Hi Dmitry, Bogdan,
----- Original Message -----
From: "Dmitry Stogov"
Sent: Thursday, July 30, 2015
> Hi Bogdan,
>
> On Wed, Jul 29, 2015 at 5:22 PM, Andone, Bogdan <bogdan.andone@intel.com>
> wrote:
>
>> Hi Guys,
>>
>> My name is Bogdan Andone and I work for Intel in the area of SW
>> performance analysis and optimizations.
>> We would like to actively contribute to Zend PHP project and to involve
>> ourselves in finding new performance improvement opportunities based on
>> available and/or new hardware features.
>> I am still in the source code digesting phase but I had a look to the
>> fast_memcpy() implementation in opcache extension which uses SSE
>> intrinsics:
>>
>> If I am not wrong fast_memcpy() function is not currently used, as I
>> didn't find the "-msse4.2" gcc flag in the Makefile. I assume you
>> probably
>> didn't see any performance benefit so you preserved generic memcpy()
>> usage.
>>
>
> This is not SSE4.2 this is SSE2.
> Any X86_64 target implements SSE2, so it's enabled by default on x86_64
> systems (at least on Linux).
> It also may be enabled on x86 targets adding "-msse2" option.
Right, I was gonna say, I think that was a mistake, and all x86_64 should be
using it at least...
Of course, using anything newer that needs special options is nearly
useless, since I guess the vast majority aren't building themselves, but
using lowest-common-denominator repos. I had been wondering about speeding
up some other things, maybe taking advantage of SSE4.x (string stuff, I
don't know), but... like I said. Runtime checks would be awesome, but
except for the recent GCC, the intrinsics aren't available unless the
corresponding SSE option is enabled (lame!). So requires a separate
compilation unit. :-/
Of course I guess if the intrinsic maps simply to the instruction, could
just do it with inline asm, if wanted to do runtime CPU checking.

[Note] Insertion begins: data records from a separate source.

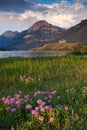 Wild Bergamot and the Prince of Wales Hotel in Waterton Lakes National Park Royalty Free Stock Photo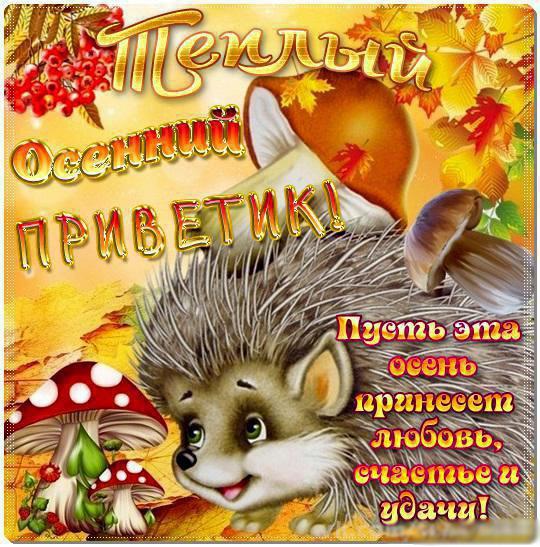 Открытки на каждый день прикольные. Осенний Привет картинки. Открытки кз. Отк...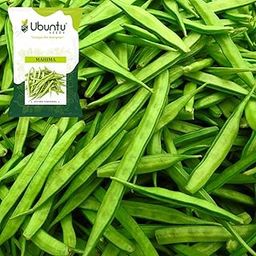 Gavar Seeds for Planting | Cluster Beans | Guar | Guvar Bean | Kitchen Garden Seeds | Hybrid Seeds | Home Garden | Terrace Balcony Indoor Outdoor Planting | Vegetable Seeds : 670 Seeds (Mahima) Season-image-78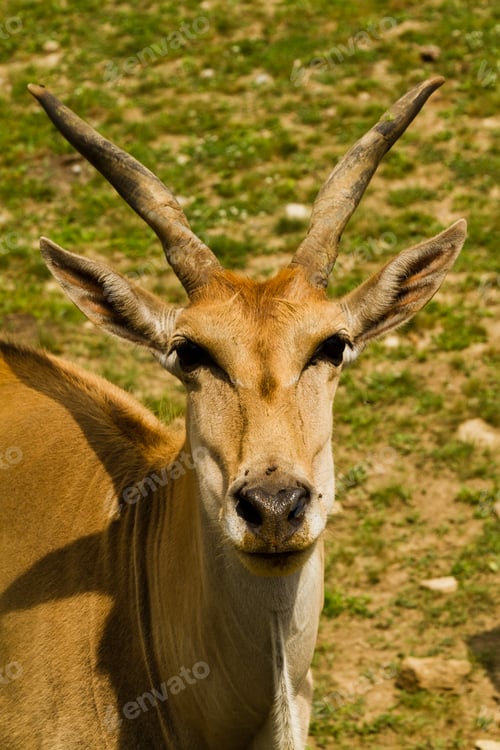 Preview: Roe deer in the wild
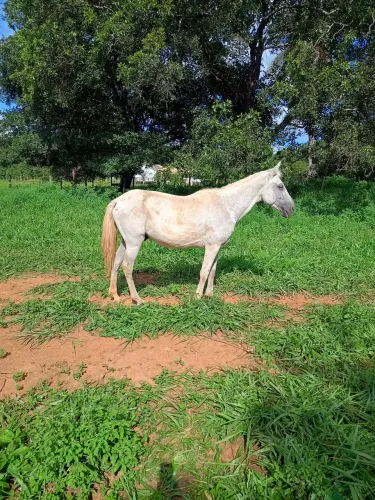 Cavalo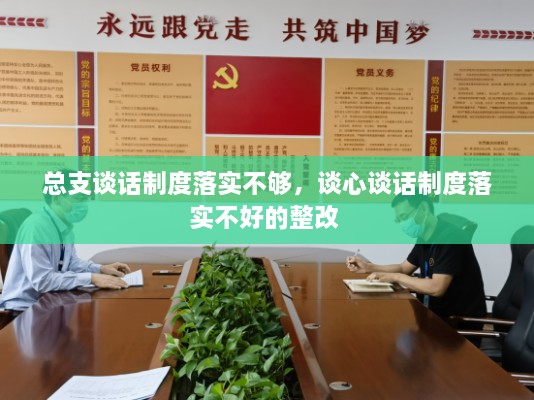 總支談話(huà)制度落實(shí)不夠，談心談話(huà)制度落實(shí)不好的整改 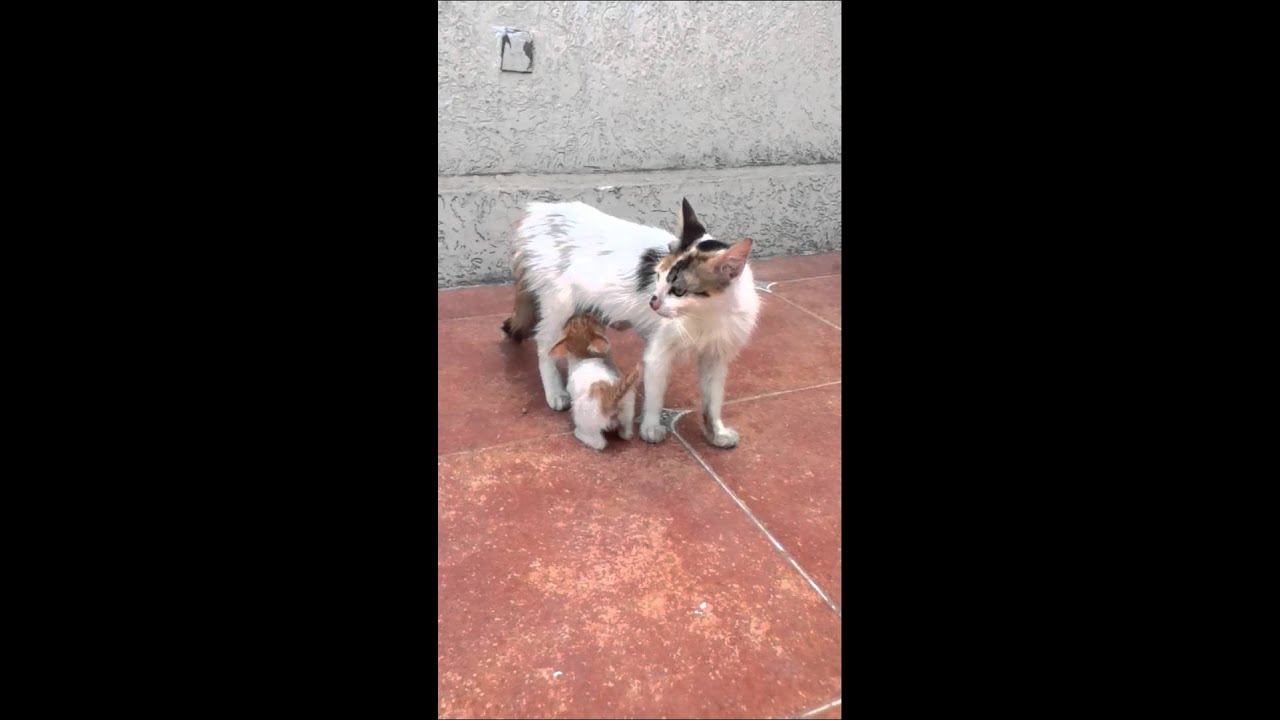 comment tuer bebe chat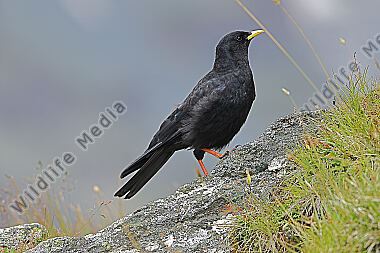 Alpendohle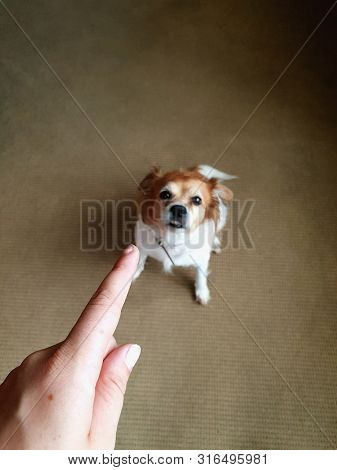 Hand Of Man And Guilty Dog At Home, Person Pointing Finger At Cute Dog And Punish The Dog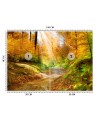 Fototapeta na ścianę - Ścieżka w lesie | FEEBY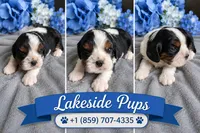 Joe , a male Cavalier King Charles Spaniel for sale in Paris, KY – 2 of 2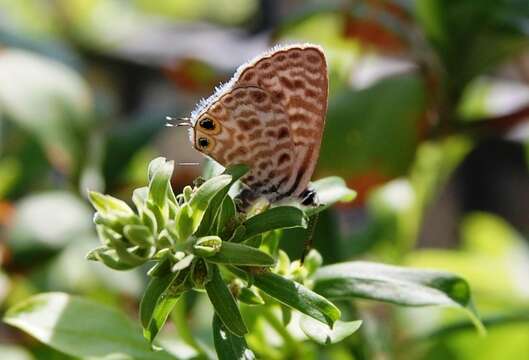 Image of Lang's Short-tailed Blue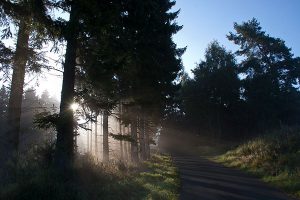 impressionen7-Hohenleimbach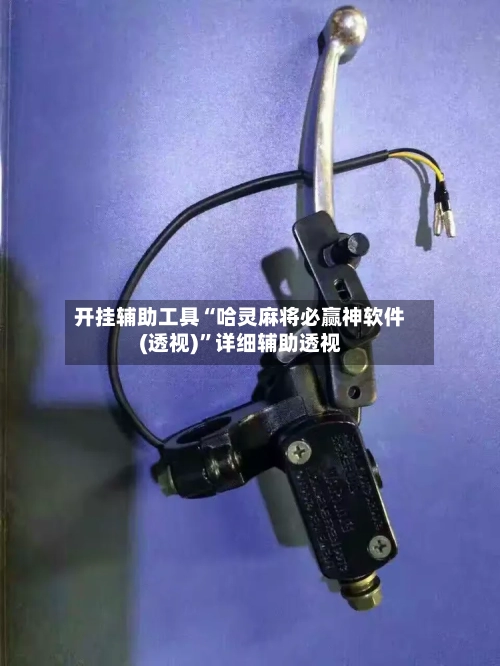 开挂辅助工具“哈灵麻将必赢神软件(透视)”详细辅助透视-第2张图片
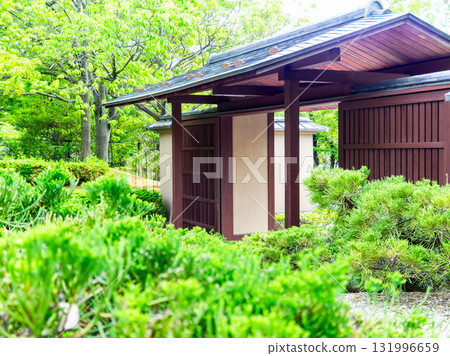 A beautiful and picturesque garden with fresh greenery 131996659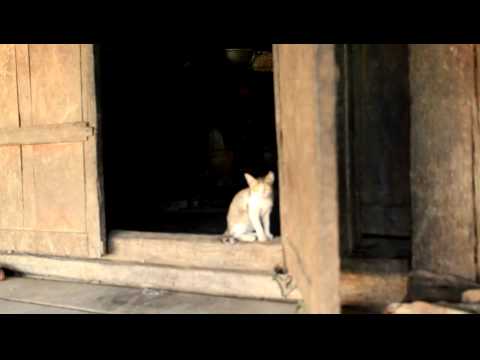 cat in village kengtung shan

>> I would like to propose a slightly different implementation which uses
>> _mm_store_si128() instead of _mm_stream_si128(). This ensures that copied
>> memory is preserved in data cache, which is not bad as the interpreter
>> will
>> start to use this data without the need to go back one more time to
>> memory.
>> _mm_stream_si128() in the current implementation is intended to be used
>> for
>> stores where we want to avoid reading data into the cache and the cache
>> pollution; in opcache scenario it seems that preserving the data in cache
>> has a positive impact.
>>
>
> _mm_stream_si128() was used on purpose, to avoid CPU cache pollution,
> because data copied from SHM to process memory is not necessary used
> before
> eviction.
> By the way, I'm not completely sure. May be _mm_store_si128() can provide
> better result.
Interesting (that _stream was used on purpose). :-)

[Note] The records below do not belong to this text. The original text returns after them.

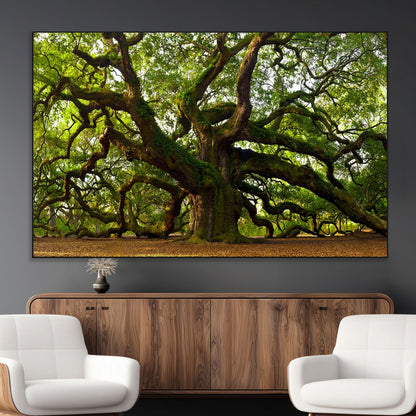 29407-MGV-CV-36X24-Ancient Oak Tree Wall Art – Majestic Nature Canvas Print, Large Tree Photography Decor for Living Room
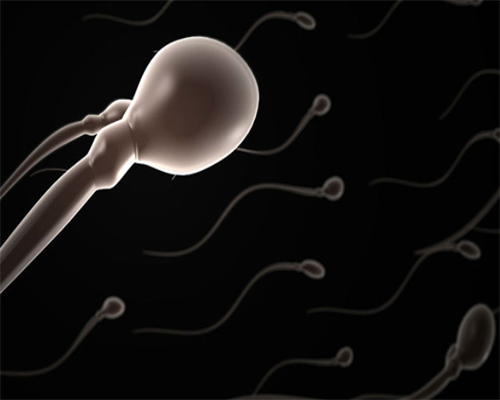 做供卵试管移植要降调吗&试管婴儿提供卵子,23岁月经不调在北京协和检查挂啥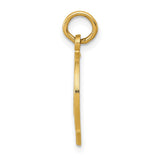 14k White or Yellow Gold Good Luck Horseshoe Charm or Pendant, 13mm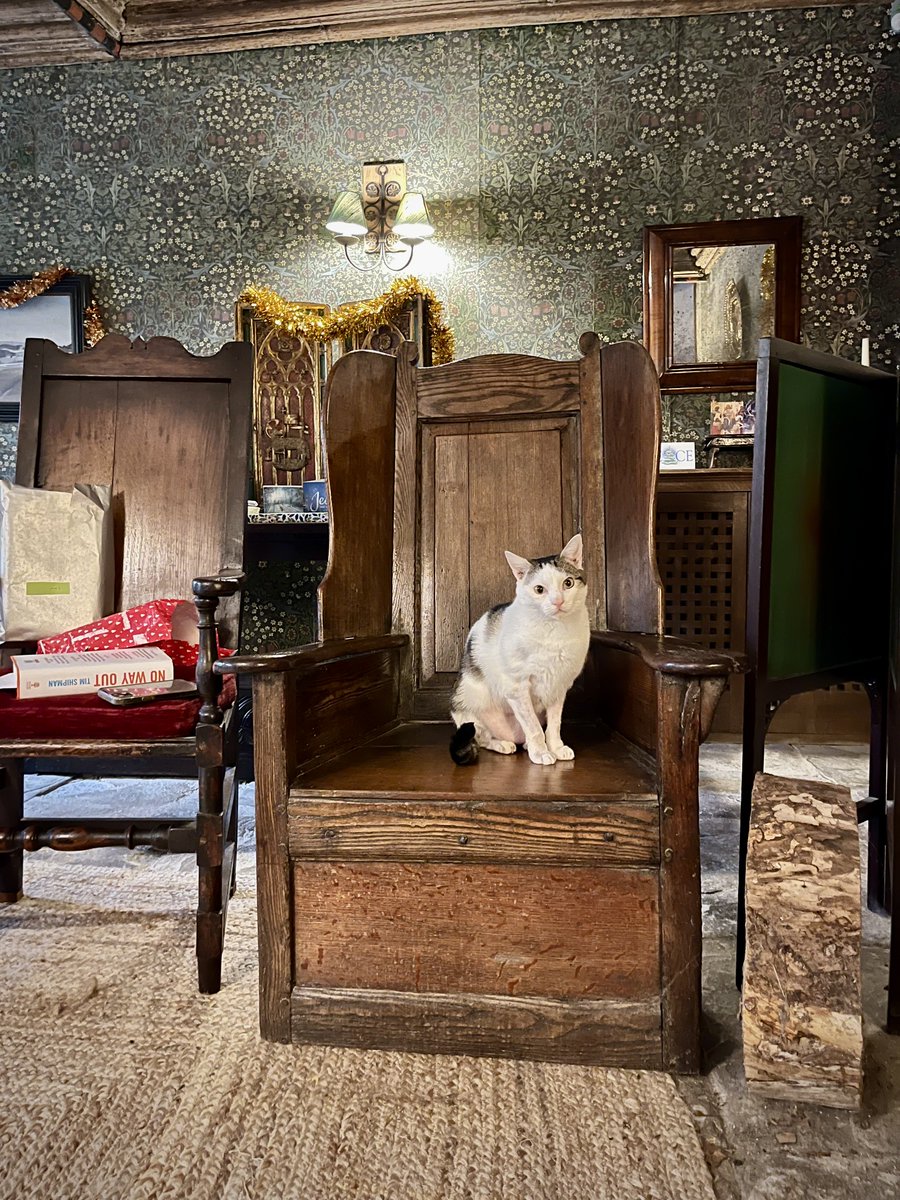 Barendina Smedley tweet media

>> Running php-cgi -T10000 on WordPress4.1/index.php I see ~1% performance
>> increase for the new version of fast_memcpy() compared with the generic
>> memcpy(). Same result using a full load test with http_load on a Haswell
>> EP
>> 18 cores.
>>
>
> 1% is really big improvement.
> I'll able to check this only on next week (when back from vacation).
Well, he talks like he was comparing to *generic* memcpy(), so...? But not
sure how that would have been accomplished.

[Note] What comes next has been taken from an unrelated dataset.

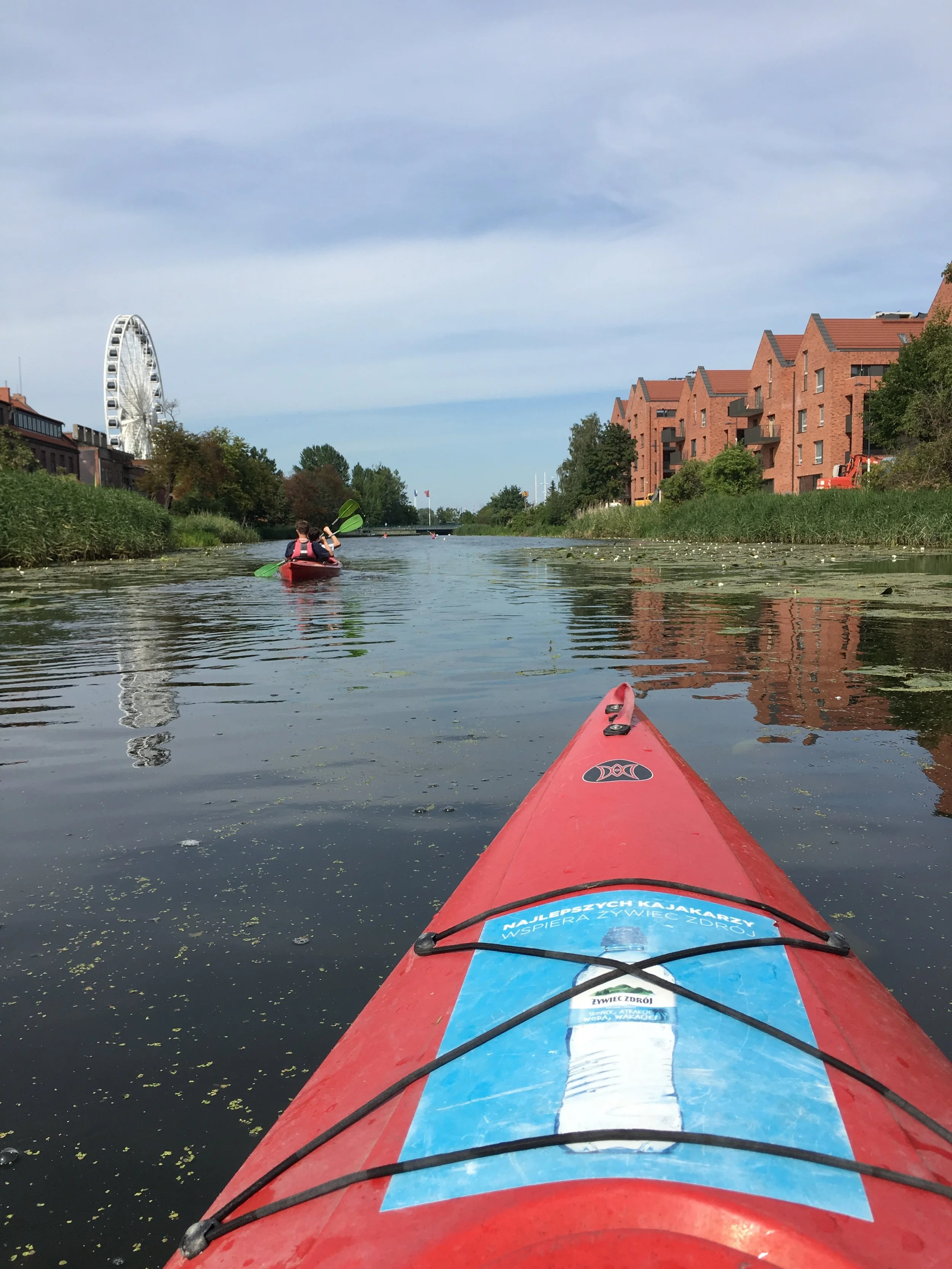 Things I have enjoyed since I thought I was falling apart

BTW guys, I was wondering before why fast_memcpy() only in this opcache
area? For the prefetch and/or cache pollution reasons?
Because shouldn't the library functions in glibc, etc. already be using
versions optimized for the CPU at runtime? So is generic memcpy() already
"fast?" (Other than overhead for a function call.)
>> Here is the proposed pull request:
>> https://github.com/php/php-src/pull/1446
>>
>> Related to the SW prefetching instructions in fast_memcpy()... they are
>> not really useful in this place. There benefit is almost negligible as
>> the
>> address requested for prefetch will be needed at the next iteration (few
>> cycles later), while the time needed to get data from RAM is >100 cycles
>> usually.. Nevertheless... they don't heart and it seems they still have a
>> very small benefit so I preserved the original instruction and I added a
>> new prefetch request for the destination pointer.
>>
>
> I also didn't see significant difference from software prefetching.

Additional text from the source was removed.